Why do I cook?
Michael Ruhlman has been addressing an important question on his blog (Ruhlman.com): Why do we cook?
I’m cooking a lot now because I’m in culinary school, but what led me to finally make a real career choice and seek training in culinary arts was that after I stopped working, and left to my own devices, I failed to make any other choice, but found myself cooking on a daily basis.
What drove me to cook then, and the basis for choosing a life that will without question revolve around food, is a question with so many answers that I can hardly decide which one to describe first.
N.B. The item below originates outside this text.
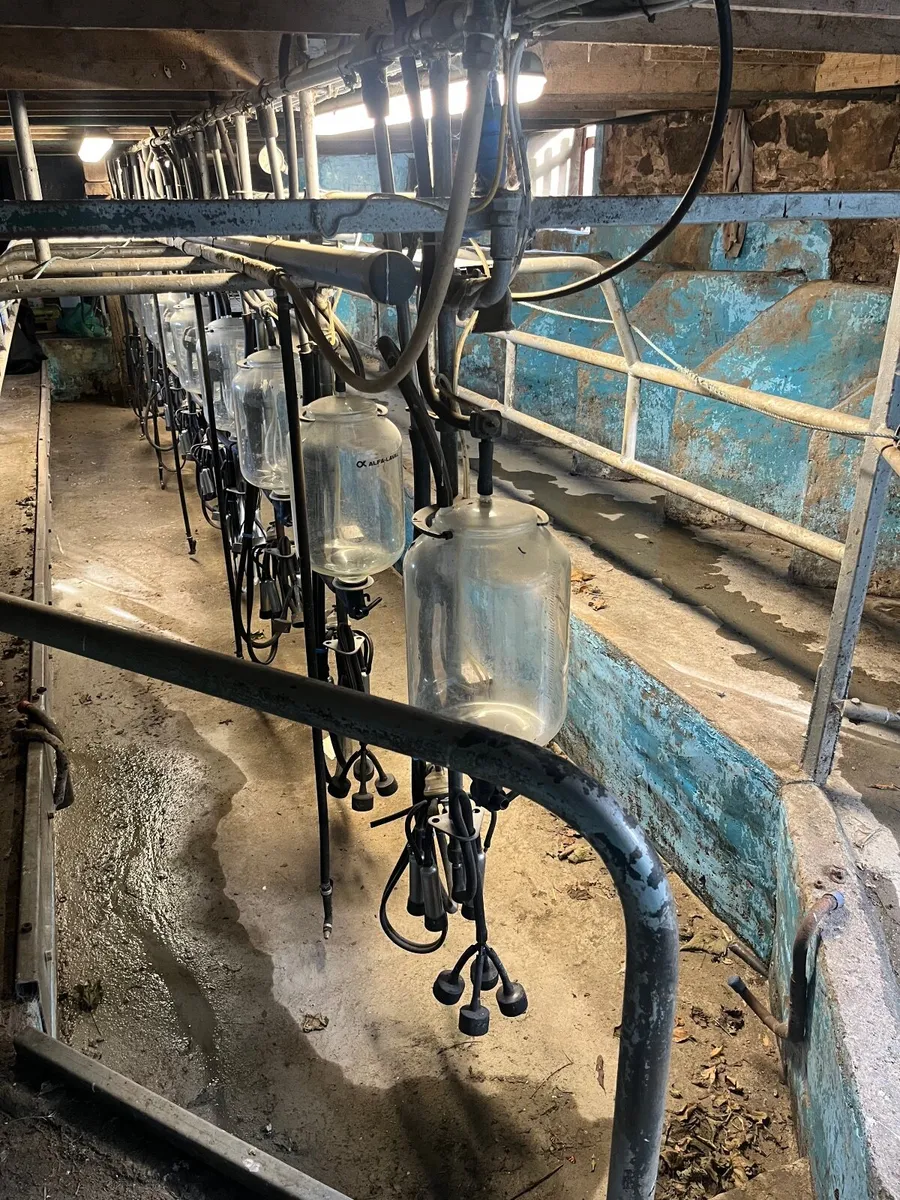 Milking parlour and bulk tank - Image 1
I started cooking after I left my job because I didn’t have any reason left not to. I didn’t cook as much while I was working because I felt always rushed for time, and to satisfy the time vs. hunger balance I wound up making a lot of quick and easy meals – from scratch as I was able. Being a full time stay at home mom afforded me the time to plan and explore, which resulted in more elaborate food adventures and a constant expansion of my skills and knowledge.
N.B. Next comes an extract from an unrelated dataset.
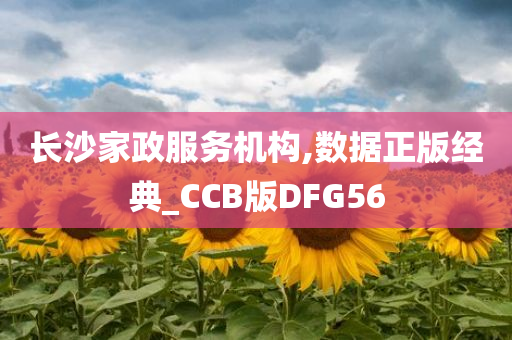 长沙家政服务机构,数据正版经典_CCB版DFG56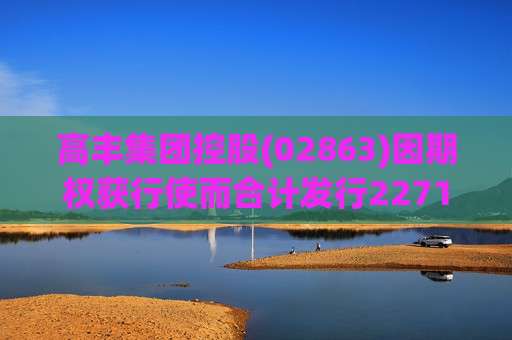 高丰集团控股(02863)因期权获行使而合计发行2271万股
I was motivated to cook once the time was available because I viewed it as my new job description – feeding my family well was part of what I understood to be my contribution to family life in lieu of money. I wanted to eat well, and I wanted a kid who doesn’t throw a fit when you feed her something other than chicken tenders and PB&J. While these are simple goals, they require a lot of food-focused effort.
My friend Elizabeth Willse recently posted a review of Alone in the Kitchen with an Eggplant. This book of reflections from writers and foodies about what they eat when they’re alone is now on my plan-to-read list. Her review got me thinking about the things I like to cook, and the completely separate category of what I like to eat when I have only myself to think of and/or don’t feel like cooking. I eat more bread and Camembert or triple creme cheeses than any one person probably ought to, but then even the cheeses I choose often have identities defined by where they come from or what they are made of.
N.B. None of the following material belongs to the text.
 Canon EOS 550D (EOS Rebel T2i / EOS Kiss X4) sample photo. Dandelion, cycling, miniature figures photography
If it were just about the food, I wouldn’t have pursued a structured culinary education, and I wouldn’t be writing this post today. By now my constant search for patterns and meaning is no secret to anyone who would be reading this entry. A fellow student once asked me, “Can’t you just be cooking food?” I can’t. I cook and I eat not for the love of food alone, but because I became aware of the experience of food, beyond the flavor to the story that starts in the ground and ends on my plate, through eating; I’m here learning what I learn, doing what I do and planning my future moves because I want to be an active author in that story.
When is a carrot just a carrot? It never is. It’s always a note in a chord in a song, no matter how simple or complex a song, and it’s a note with context and history and endless lifetimes of associated meaning that is viewed from different angles when used in different ways.
I cook because when I do, I feel connected to what I eat, to the environment that produced it, to who I am and who I will be as a result of the eating and the cooking.